Let's say I have a macro called LengthOf(array):
sizeof array / sizeof array[0]
When I make a new array of size 23, shouldn't I get 23 back for LengthOf?
WCHAR* str = new WCHAR[23];
str[22] = '\0';
size_t len = LengthOf(str); // len == 4
Why does len == 4?
UPDATE: I made a typo, it's a WCHAR*, not a WCHAR**.
Because str here is a pointer to a pointer, not an array.
This is one of the fine differences between pointers and arrays: in this case, your pointer is on the stack, pointing to the array of 23 characters that has been allocated elsewhere (presumably the heap).

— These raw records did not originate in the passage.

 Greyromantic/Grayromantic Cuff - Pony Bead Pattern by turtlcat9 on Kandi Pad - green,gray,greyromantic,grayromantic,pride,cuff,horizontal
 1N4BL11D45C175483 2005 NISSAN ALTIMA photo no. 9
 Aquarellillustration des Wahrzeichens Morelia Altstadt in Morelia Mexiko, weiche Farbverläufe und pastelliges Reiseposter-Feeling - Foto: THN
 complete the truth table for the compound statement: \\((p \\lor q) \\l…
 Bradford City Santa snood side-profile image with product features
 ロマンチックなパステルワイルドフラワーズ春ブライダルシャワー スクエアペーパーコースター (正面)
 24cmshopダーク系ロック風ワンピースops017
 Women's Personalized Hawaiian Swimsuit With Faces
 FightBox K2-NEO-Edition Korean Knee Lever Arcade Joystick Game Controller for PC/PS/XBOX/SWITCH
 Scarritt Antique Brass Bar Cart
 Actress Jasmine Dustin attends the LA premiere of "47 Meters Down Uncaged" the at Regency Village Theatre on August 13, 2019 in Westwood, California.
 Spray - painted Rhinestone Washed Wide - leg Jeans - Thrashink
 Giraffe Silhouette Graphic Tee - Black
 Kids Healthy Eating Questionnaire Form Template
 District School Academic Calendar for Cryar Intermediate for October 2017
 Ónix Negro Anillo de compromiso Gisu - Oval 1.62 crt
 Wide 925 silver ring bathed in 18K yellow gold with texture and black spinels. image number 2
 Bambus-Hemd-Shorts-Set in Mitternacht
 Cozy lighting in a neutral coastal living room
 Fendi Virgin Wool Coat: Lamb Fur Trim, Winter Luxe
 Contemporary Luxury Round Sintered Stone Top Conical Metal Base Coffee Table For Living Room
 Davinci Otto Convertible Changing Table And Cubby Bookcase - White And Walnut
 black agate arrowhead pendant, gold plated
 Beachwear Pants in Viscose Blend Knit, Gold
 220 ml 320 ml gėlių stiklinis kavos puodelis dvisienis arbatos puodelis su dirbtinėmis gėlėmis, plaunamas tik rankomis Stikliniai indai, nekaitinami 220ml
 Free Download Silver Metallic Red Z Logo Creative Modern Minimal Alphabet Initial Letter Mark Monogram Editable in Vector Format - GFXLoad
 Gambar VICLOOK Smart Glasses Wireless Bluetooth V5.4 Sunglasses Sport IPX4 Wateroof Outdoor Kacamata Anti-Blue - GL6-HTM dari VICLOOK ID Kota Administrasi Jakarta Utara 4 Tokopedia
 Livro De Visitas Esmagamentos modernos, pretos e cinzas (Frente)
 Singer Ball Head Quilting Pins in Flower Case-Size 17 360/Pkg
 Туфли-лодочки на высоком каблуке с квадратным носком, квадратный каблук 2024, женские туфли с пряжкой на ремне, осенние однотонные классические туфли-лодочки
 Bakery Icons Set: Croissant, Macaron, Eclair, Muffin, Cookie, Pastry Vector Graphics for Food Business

WCHAR** str = new WCHAR[23];
First of all, this shouldn't even compile -- it tries to assign a pointer to WCHAR to a pointer to pointer to WCHAR. The compiler should reject the code based on this mismatch.
Second, one of the known shortcomings of the sizeof(array)/sizeof(array[0]) macro is that it can and will fail completely when applied to a pointer instead of a real array. In C++, you can use a template to get code like this rejected:
#include <iostream>
template <class T, size_t N>
size_t size(T (&x)[N]) {
return N;
}
int main() {
int a[4];
int *b;
b = ::new int[20];
std::cout << size(a); // compiles and prints '4'
// std::cout << size(b); // uncomment this, and the code won't compile.
return 0;
}
As others have pointed out, the macro fails to work properly if a pointer is passed to it instead of an actual array. Unfortunately, because pointers and arrays evaluate similarly in most expressions, the compiler isn't able to let you know there's a problem unless you make you macro somewhat more complex.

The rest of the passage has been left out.